TASK TO COMPLETE:
Give back only the line containing "Chanel Fabric Suede" and every line after it through the end of the data below, transcribed exactly.

Stored records:
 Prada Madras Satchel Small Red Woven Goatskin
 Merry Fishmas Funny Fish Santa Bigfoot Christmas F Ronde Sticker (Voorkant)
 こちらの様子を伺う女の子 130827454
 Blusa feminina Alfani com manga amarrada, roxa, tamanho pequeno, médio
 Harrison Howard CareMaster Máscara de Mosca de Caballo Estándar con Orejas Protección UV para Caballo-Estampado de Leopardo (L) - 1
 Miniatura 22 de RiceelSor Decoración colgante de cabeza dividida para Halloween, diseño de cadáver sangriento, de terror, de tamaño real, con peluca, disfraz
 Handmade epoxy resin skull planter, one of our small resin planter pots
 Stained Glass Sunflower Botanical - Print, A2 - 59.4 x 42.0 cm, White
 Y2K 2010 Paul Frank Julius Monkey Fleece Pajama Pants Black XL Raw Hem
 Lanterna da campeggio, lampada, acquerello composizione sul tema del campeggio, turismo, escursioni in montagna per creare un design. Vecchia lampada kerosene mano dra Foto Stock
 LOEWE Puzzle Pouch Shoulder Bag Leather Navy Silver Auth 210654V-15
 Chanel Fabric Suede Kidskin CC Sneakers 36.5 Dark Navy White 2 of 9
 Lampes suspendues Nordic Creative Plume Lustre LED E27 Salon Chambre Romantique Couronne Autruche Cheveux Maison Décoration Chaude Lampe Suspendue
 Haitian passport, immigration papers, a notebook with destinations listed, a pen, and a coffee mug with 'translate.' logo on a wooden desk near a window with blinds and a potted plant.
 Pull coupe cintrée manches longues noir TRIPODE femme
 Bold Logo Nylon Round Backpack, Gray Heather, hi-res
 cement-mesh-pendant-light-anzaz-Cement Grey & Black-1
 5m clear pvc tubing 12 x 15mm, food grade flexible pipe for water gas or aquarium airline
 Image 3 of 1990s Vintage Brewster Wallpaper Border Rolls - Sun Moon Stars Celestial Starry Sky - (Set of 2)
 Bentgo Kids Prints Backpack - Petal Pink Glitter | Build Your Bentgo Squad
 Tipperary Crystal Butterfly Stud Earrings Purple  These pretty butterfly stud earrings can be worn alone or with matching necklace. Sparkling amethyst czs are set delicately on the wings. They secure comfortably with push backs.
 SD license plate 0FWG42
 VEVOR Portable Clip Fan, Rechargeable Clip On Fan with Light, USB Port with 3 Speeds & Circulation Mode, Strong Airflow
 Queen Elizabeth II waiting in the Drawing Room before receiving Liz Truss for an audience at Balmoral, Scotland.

SOLUTION BELOW:
 Chanel Fabric Suede Kidskin CC Sneakers 36.5 Dark Navy White 2 of 9
 Lampes suspendues Nordic Creative Plume Lustre LED E27 Salon Chambre Romantique Couronne Autruche Cheveux Maison Décoration Chaude Lampe Suspendue
 Haitian passport, immigration papers, a notebook with destinations listed, a pen, and a coffee mug with 'translate.' logo on a wooden desk near a window with blinds and a potted plant.
 Pull coupe cintrée manches longues noir TRIPODE femme
 Bold Logo Nylon Round Backpack, Gray Heather, hi-res
 cement-mesh-pendant-light-anzaz-Cement Grey & Black-1
 5m clear pvc tubing 12 x 15mm, food grade flexible pipe for water gas or aquarium airline
 Image 3 of 1990s Vintage Brewster Wallpaper Border Rolls - Sun Moon Stars Celestial Starry Sky - (Set of 2)
 Bentgo Kids Prints Backpack - Petal Pink Glitter | Build Your Bentgo Squad
 Tipperary Crystal Butterfly Stud Earrings Purple  These pretty butterfly stud earrings can be worn alone or with matching necklace. Sparkling amethyst czs are set delicately on the wings. They secure comfortably with push backs.
 SD license plate 0FWG42
 VEVOR Portable Clip Fan, Rechargeable Clip On Fan with Light, USB Port with 3 Speeds & Circulation Mode, Strong Airflow
 Queen Elizabeth II waiting in the Drawing Room before receiving Liz Truss for an audience at Balmoral, Scotland.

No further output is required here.